Park Hyo-jin (; born December 28, 1981), better known by her stage name Narsha, is a South Korean singer and actress. She is best known as a member of the South Korean girl group Brown Eyed Girls. Her stage name, Narsha, is derived from the term na-reu-sha, which means 'to fly up' in Middle Korean and was given to her by a former manager.

Career

Debut with Brown Eyed Girls

She became a member of Brown Eyed Girls after a suggestion by JeA, who had been her friend since their high-school years. The four members held several small size concerts, and considered names like "Crescendo" or "Dark Angel" before officially debuting as "Brown Eyed Girls". After more than 3 years of training in singing and holding several small size concerts, the Brown Eyed Girls released their debut album Your Story in South Korea in February 2006, with the ballad track, "Come Closer" as their single.

M&N
After Brown Eyed Girls' Kill Bill activities in 2013, the first BEG unit was announced. Miryo and Narsha formed M&N. The original name was '언니둘' (Two Sisters) and it was suggested that if JeA were to join them, they would switch their name to '언니들' (The Sisters).

M&N was introduced as a hip hop group as both Miryo and Narsha are avid fans of the Hip Hop genre, however their first digital single fell under the easy listening genre. The group has released a digital single named "Tonight" in both Korean and English.

Solo activities

Entertainer

During 2009, her popularity began to increase after she started appearing on many entertainment programs, including Heroes and Invincible Youth, on which she gained the nickname "Adult-dol" (성인돌). She became a DJ on Pump up the Volume (볼륨을 높여요) on KBS Cool FM, from 8 pm until 10 pm but due to Brown Eyed Girls' overseas promotions Narsha decided to leave the show, with her last broadcast on December 28, 2010.

She made her debut as an MC through OnStyle's fashion program, Style Show Fil on June 16, 2011. Narsha made her acting debut through MBC's drama series Lights and Shadows playing the role of singer aspirant Hye-bin, followed by Ohlala Couple as Moosan, the goddess of love. In 2012, she also provided the voice for the main antagonist The White Wolf in the Korean version of Christmas movie Niko: Santa Air Wing's Adventure. She has also made a name as a smartphone director, as well as a musical actress.

Solo artist 
Narsha announced her intention to make her solo debut in early 2010. Her first solo single, "I'm In Love", was released digitally on July 1, 2010, as a preview for her upcoming album.
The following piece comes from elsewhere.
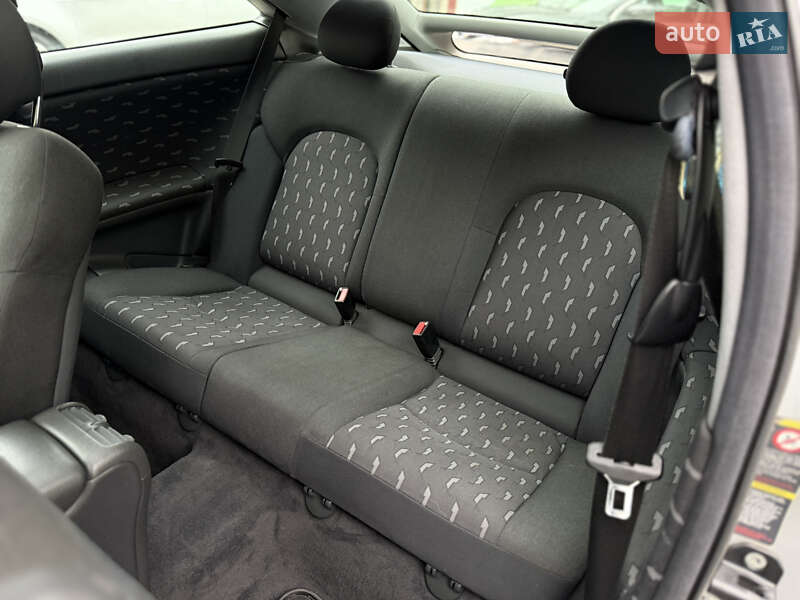 Купе Mercedes-Benz C-Class 2004 в Одесі фото 40 Купе Mercedes-Benz C-Class 2004 в Одесі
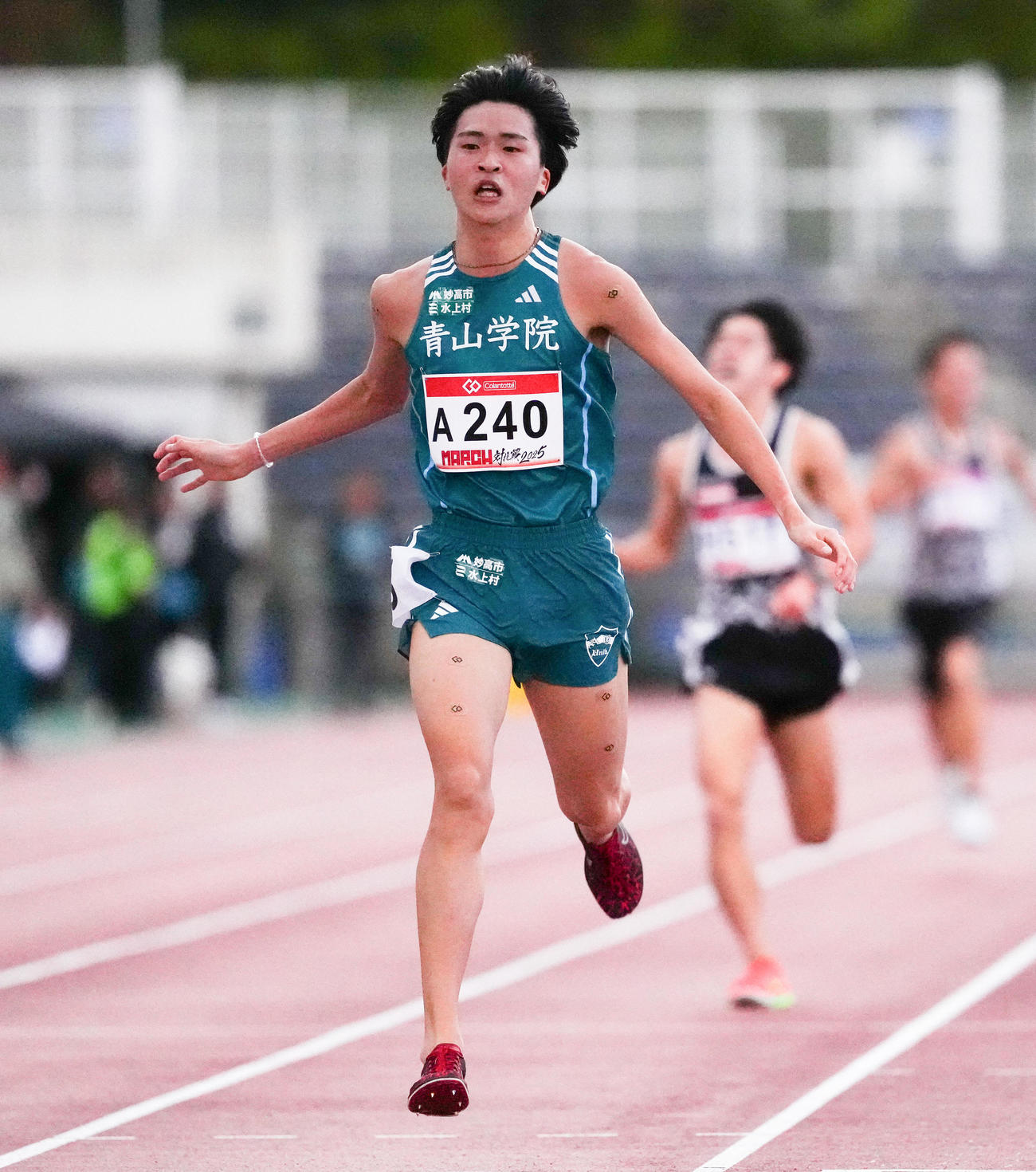 MARCH対抗戦　1組トップでゴールした青学大・田中（撮影・鈴木みどり）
Her first solo studio album, the eponymous NARSHA, was released on July 8, 2010. The title song "Bbi Ri Bba Bba" charted on Gaon's Top 100 digital sales, most streamed and downloaded songs for 2010. The album contained a preview for "Mamma Mia", a collaboration with, at the time, fellow Nega Network group Sunny Hill, which was released fully on August 20. The album was also worked on by many composers who had contributed musically to Brown Eyed Girls' third album, Sound-G.

She was then featured on fellow member Miryo's track "Leggo", taken from her 2012 debut EP. The two later formed a duo called "M&N" and had already released a single, titled "Tonight" in 2013. Aside from this, she also lend her vocals for some drama's soundtrack. Narsha also appeared as a fixed member for the cast of Immortal Songs 2, however due to her musical schedules she had to leave the show at the end of 2013.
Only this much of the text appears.